Sul suo capo pendeva infatti un’ordinanza applicativa della misura cautelare in carcere spiccata nel gennaio 2013 dal Giudice per le indagini preliminari distrettuale di Catanzaro per i pretesi reati di favoreggiamento e sfruttamento della prostituzione, estorsione e lesioni personali in concorso con altre tre persone.
Vasile Ciuca, 32 anni, ufficialmente è un “autotrasportatore”, in realtà un presunto “magnaccia” violento e socialmente pericolosissimo.
E’ stato scovato ed arrestato dai carabinieri della Stazione di San Demetrio Corone in località Castagna Rotonda, zona pedemontana del centro arbereshe. Ora è in carcere a Castrovillari.
Il presunto “magnaccia” dall’estate del 2009 e fino all’agosto del 2012, a Schiavonea di Corigliano, insieme a tre sue connazionali, per tre lunghi anni avrebbe obbligato la giovane fidanzata a prostituirsi, attraverso cruente minacce e violenze.
E’ la storia della 23enne Gabina Marlena Facalet, la quale un giorno ha trovato la forza e il coraggio di denunciare tutto ai carabinieri.
Appena compiuta la maggiore età, Marlena giunge a Corigliano, nella frazione marina di Schiavonea, in compagnia di Ciuca, all’epoca suo fidanzato, il quale già da tempo s’era trasferito in Italia.
La “prospettiva” – ingannevole – era quella d’un periodo di vacanza insieme.
Ma, come riferì la giovane rumena ai carabinieri, «la vacanza è durata solo un giorno, perché il giorno successivo m’ha comprato scarpe con tacco e abiti appariscenti e m’ha detto che da quel giorno avrei dovuto lavorare per lui, in strada».

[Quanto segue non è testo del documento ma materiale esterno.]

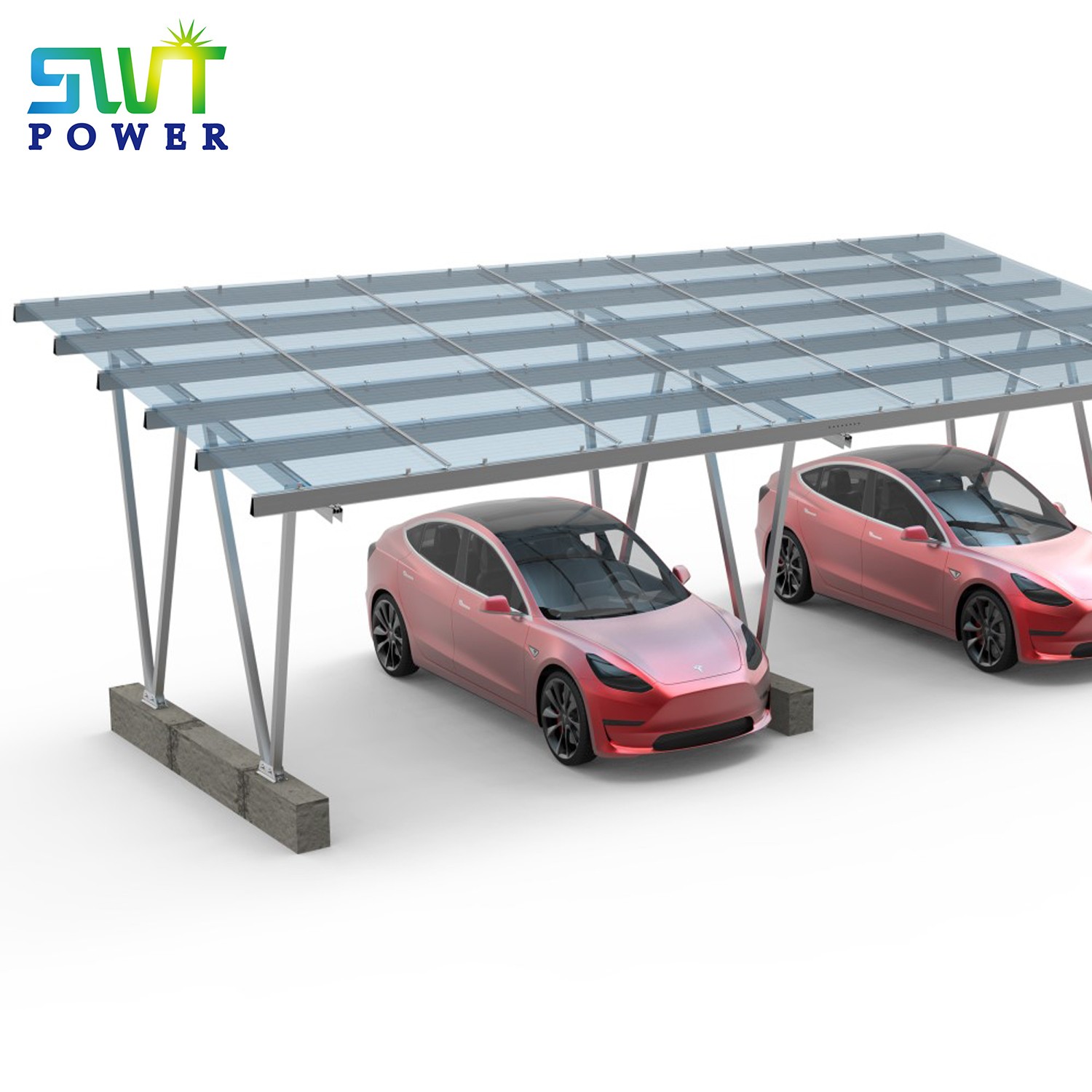 PV の土台システム EV の充満場所のための太陽 Carport の土台システム 太陽 PV の充満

Nel sottrarle la carta d’identità, Ciuca l’aveva minacciata di non farle più rivedere la famiglia d’origine se non si fosse prostituita per lui almeno per un anno.

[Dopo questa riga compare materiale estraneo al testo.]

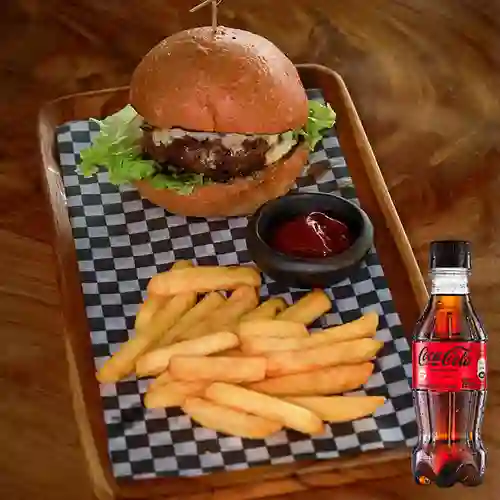 Combo Hamburguesa Cebú + Coca Cola Sin Azúcar 250ML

La ragazza ha descritto nei minimi dettagli agl’inquirenti la propria attività: «Lui m’assegnò una piazzola sulla strada 106 jonica, con me c’era anche un’altra ragazza. Stavo in strada dalle 9 del mattino fino all’una di notte. In inverno fino alle 22. Se dovevo andare al bar a mangiare o al bagno, la ragazza che stava con me mi veniva sempre dietro. Vasile mi chiamava per sapere quanto avevo guadagnato e se gli mentivo, poi a casa mi picchiava. I miei guadagni all’inizio erano anche 900/1000 euro al giorno. Ho provato a scappare una decina di volte dall’albergo dove alloggiavo e dov’ero controllata a vista. Ma lui m’ha sempre ripresa e bastonata».

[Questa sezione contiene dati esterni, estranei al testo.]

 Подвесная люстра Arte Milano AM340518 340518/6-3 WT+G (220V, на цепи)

Col passare dei mesi, i guadagni, pur sempre ragguardevoli, si sono dimezzati e così le sevizie sono accresciute.
Le lesioni, in particolare, sono consistite in “ferite da taglio al collo in corrispondenza dell’orecchio sinistro”, nonché “ustioni all’altezza dello stomaco, sull’anca e sulla coscia sinistra procuratele con una busta di plastica bruciata”.
In questa drammatica storia sono coinvolte, a vario titolo, altre tre connazionali di Marlena.
Le quali – secondo il Gip di Catanzaro – in concorso tra loro e con Ciuca, avrebbero favorito e sfruttato la prostituzione della malcapitata accaparrandosene i proventi.